We hadn’t much of anything but we had a little of a lot.

And we arguably had too much racing. Every Saturday, we were at Naas, or Newbury, or the Curragh. Non-runner number nine, 11 ran.

And it was always raining.

But we had a lot more besides. A scattering of seeds that grew a love of sport. And a few magic beans.

Over 40? Shut your eyes and see what floods back.

Hockey from Three Rock Rovers. Shannon in the AIL. Niall Quinn’s debut goal for Arsenal against Liverpool. Pat Kirby in the handball. Cross-country. Mick Dunne’s goals and saves of the year.

Luton’s plastic pitch and Steve Foster’s headband. Kerry Dixon projecting every ounce of fluid from his body by placing one finger on the adjacent nostril. The cars parked behind the Stamford Bridge goal. A union strike when Fred Cogley had to commentate on everything.

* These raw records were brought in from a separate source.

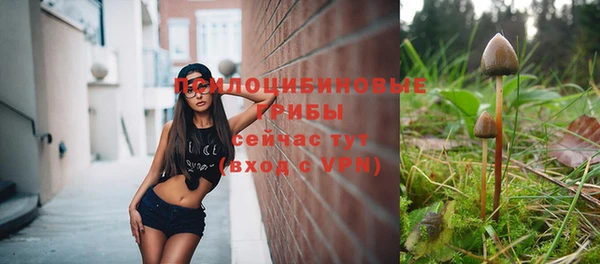 соль курить ск Костерёво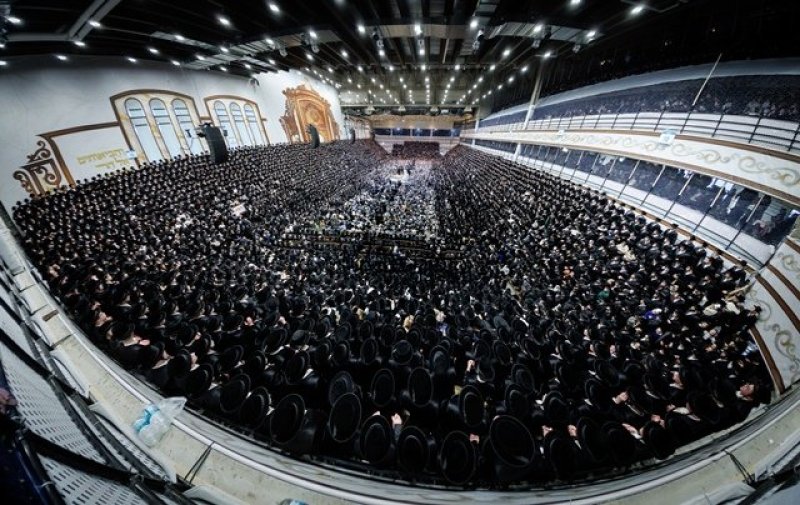 האחים לאנטשעווסקי, יוסי גולדברגר, אברומי בלום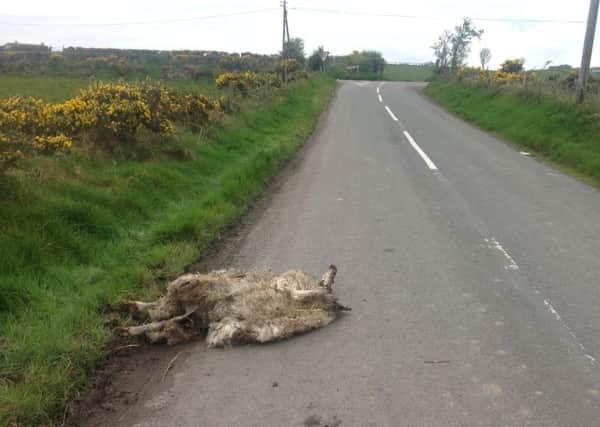 A sheep carcass dumped in Greysteel in recent days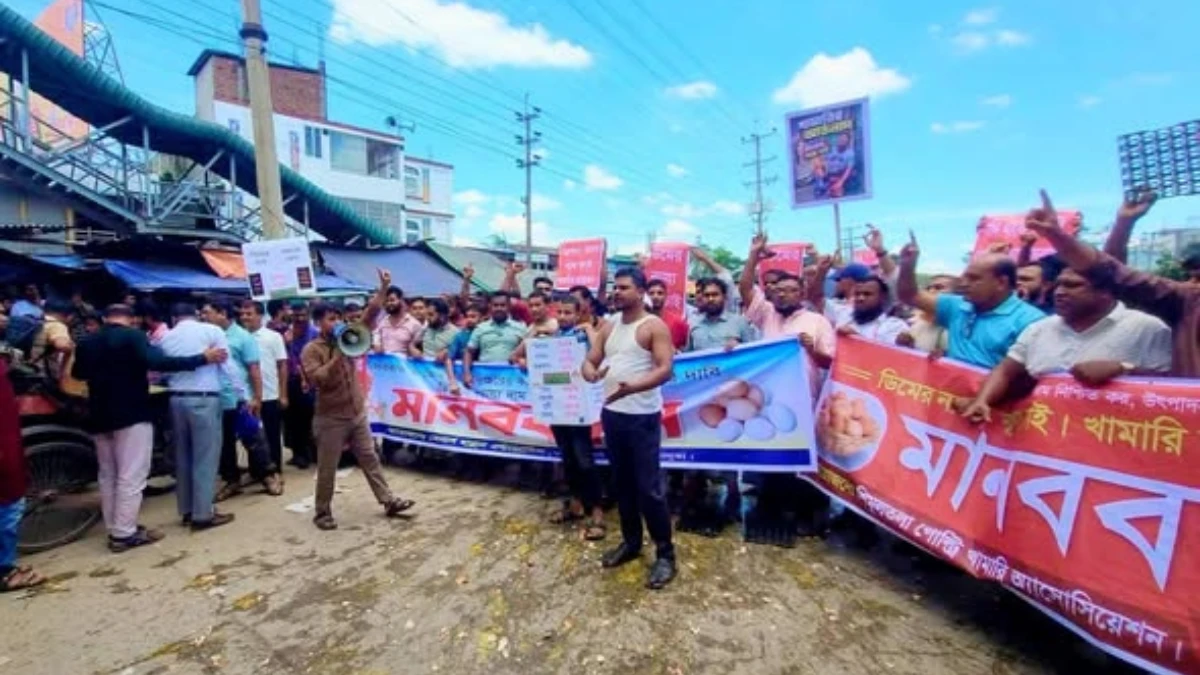 শ্রীপুরে ডিমের ন্যায্যমূল্যের দাবিতে সড়কে ডিম ভেঙে খামারিদের বিক্ষোভ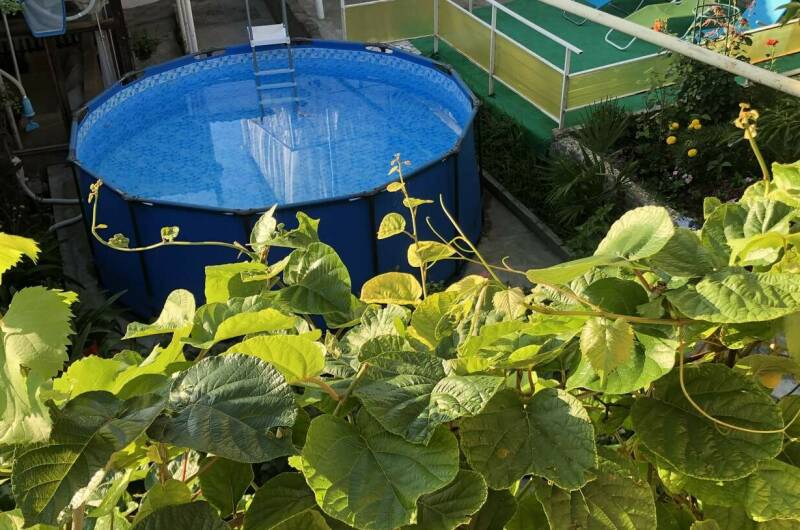 Изображение Изображение гостиницы &quot;Гостевой дом на Мирной&quot; #7 #5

‘Now to rallying’. Or Bowling. Dogs. Basketball. Boxing. Pitch ‘n Putt. Tug of War. YouTube confirms Sports Stadium showed the World Tug of War Championships from Oriel Park.

And footage of the Boley boys from Wexford digging very deep suggests that may well be the day the pitch’s problems began.

Happier times? More democratic anyway. Perhaps the heyday of all sports outside the big guns in the struggle for hearts and minds.

“It totally was,” says Michael Lyster, in the presenter’s chair from 1985. “We weren’t really paying any rights fees. But when we started writing big cheques to the GAA or IRFU or whoever, everything else kind of got wiped off the slate.

“You could watch 20 minutes of handball and then maybe a horse race. It catered for everybody. You can find the minority sports now on your TV, but you have to decide to watch the whole thing. And people aren’t necessarily interested enough.

“I remember presenting the hockey from Three Rock. And it would be a full outside broadcast. All the coloured wagons would show up and it was kind of a big deal. The fact the national broadcaster was there would give it a status.”

Stephen Alkin, on board as editor or producer from 1983, as well as soccer commentator, was captain when it sank in 1997.

“I have seen sport move from being owned by the people to being owned by billionaires. Everything in sport is now contingent on television and what television is prepared to pay.”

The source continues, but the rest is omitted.